#### Task requirements:
Everything in the records below from the line containing "- HS52204 Hevi-Shot" through the line containing "Uchie sparking kratom seltzer mixed berry" is to be reproduced exactly, those two lines included; no picture is to be copied.

#### Stored data:
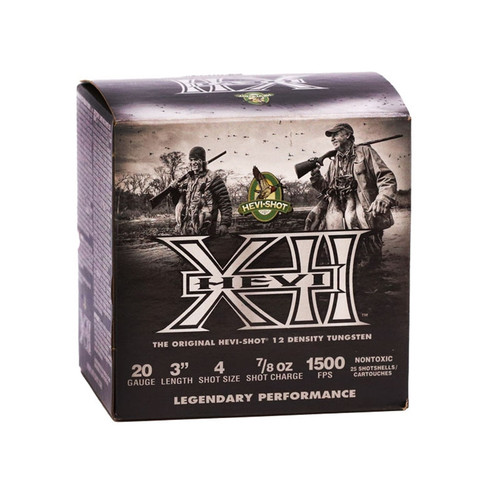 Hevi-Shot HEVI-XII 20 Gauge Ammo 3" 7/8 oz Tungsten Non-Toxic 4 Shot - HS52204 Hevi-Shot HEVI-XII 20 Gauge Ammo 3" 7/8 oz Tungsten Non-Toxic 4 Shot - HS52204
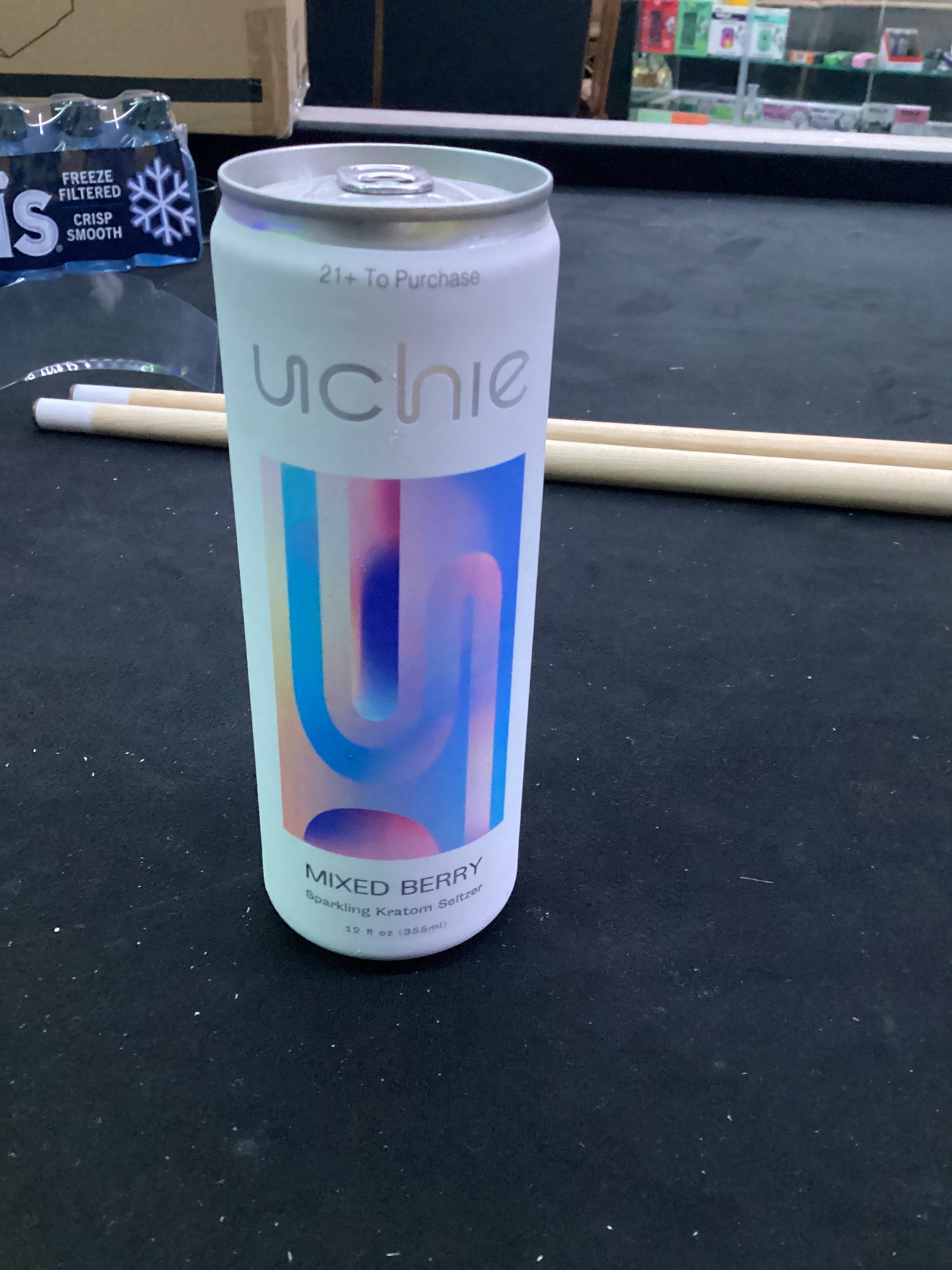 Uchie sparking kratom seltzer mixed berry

--

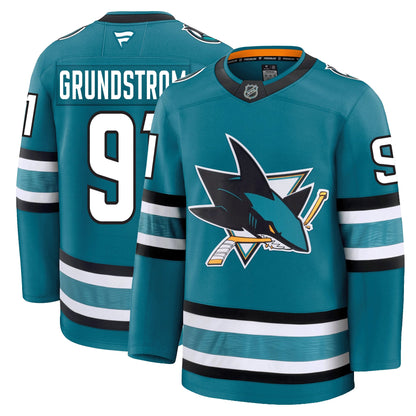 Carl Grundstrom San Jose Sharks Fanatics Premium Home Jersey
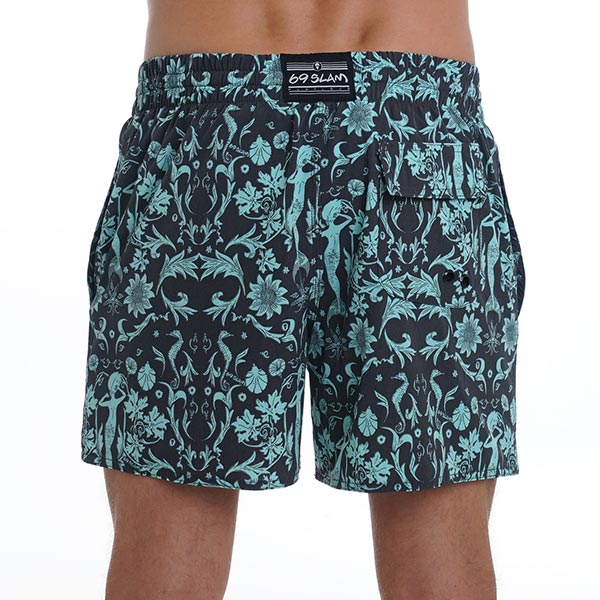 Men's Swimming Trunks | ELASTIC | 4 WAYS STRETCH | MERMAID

#### Solution to the exercise:
 Hevi-Shot HEVI-XII 20 Gauge Ammo 3" 7/8 oz Tungsten Non-Toxic 4 Shot - HS52204 Hevi-Shot HEVI-XII 20 Gauge Ammo 3" 7/8 oz Tungsten Non-Toxic 4 Shot - HS52204
 Uchie sparking kratom seltzer mixed berry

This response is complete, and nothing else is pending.